Last Updated on September 12, 2022
You can share a global variable with all child workers processes in the multiprocessing pool by defining it in the worker process initialization function.
In this tutorial you will discover how to share global variables with all workers in the Python process pool.
Let’s get started.
Need To Share Global Variable With All Workers in Process Pool
The multiprocessing.pool.Pool in Python provides a pool of reusable processes for executing ad hoc tasks.
A process pool can be configured when it is created, which will prepare the child workers.
A process pool object which controls a pool of worker processes to which jobs can be submitted. It supports asynchronous results with timeouts and callbacks and has a parallel map implementation.
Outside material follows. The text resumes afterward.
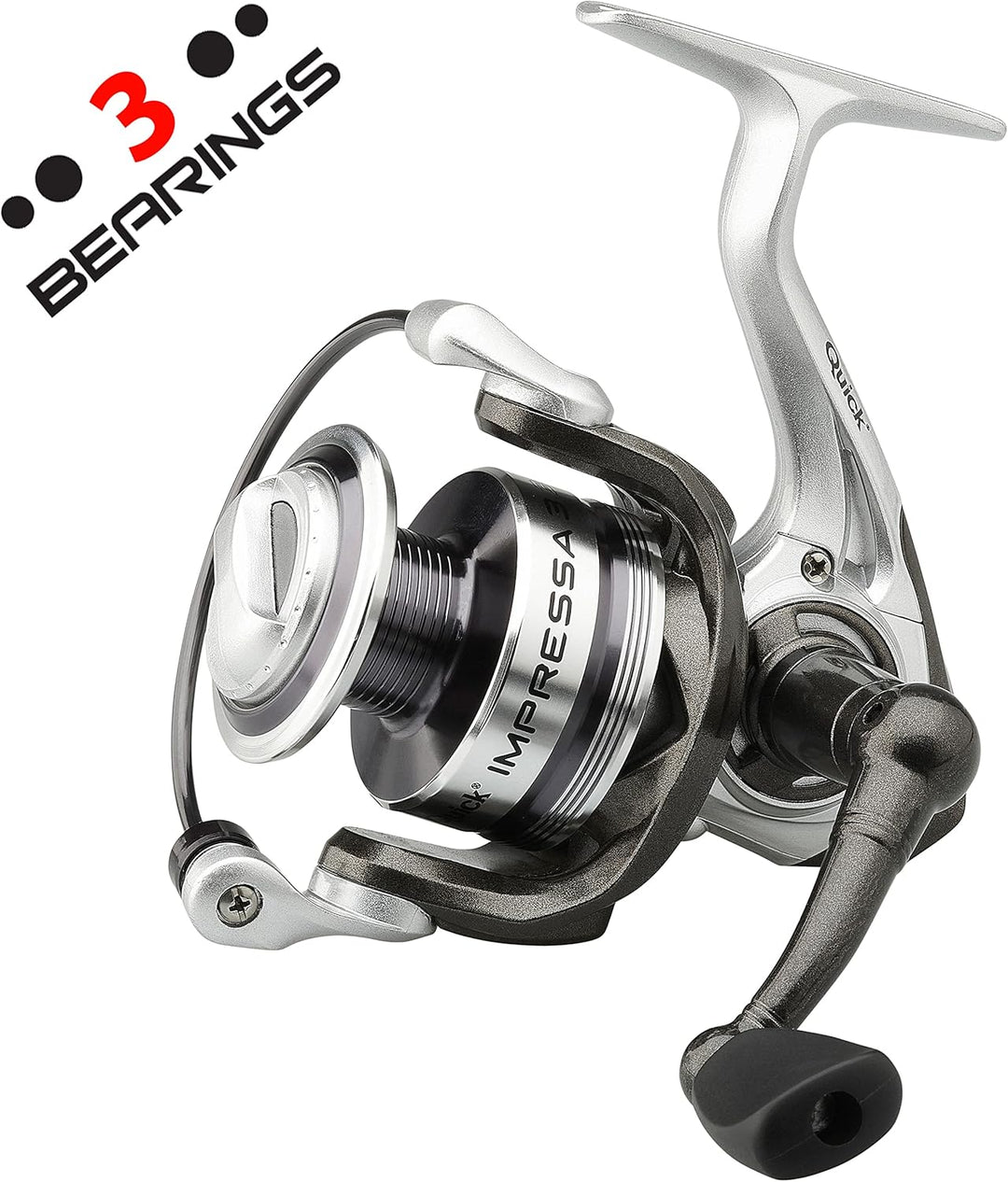 Fischzeux Angelset Forelle komplett – Mini Spin Profi Reiseruten-Set 2,10 m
— multiprocessing — Process-based parallelism
We can issue one-off tasks to the process pool using functions such as apply() or we can apply the same function to an iterable of items using functions such as map().
Results for issued tasks can then be retrieved synchronously, or we can retrieve the result of tasks later by using asynchronous versions of the functions such as apply_async() and map_async().
When using the process pool, we may need to share a global variable with all child worker processes in the process pool.
This would allow all tasks executed in the process pool to use the shared global variable.
We may need this capability for many reasons, such as:
- Allow all tasks to use a shared log.
- Allow all tasks to use a shared queue or pipe.
- Allow all tasks to use a shared synchronization primitive like a lock, semaphore, or event.
The process pool does not provide this capability.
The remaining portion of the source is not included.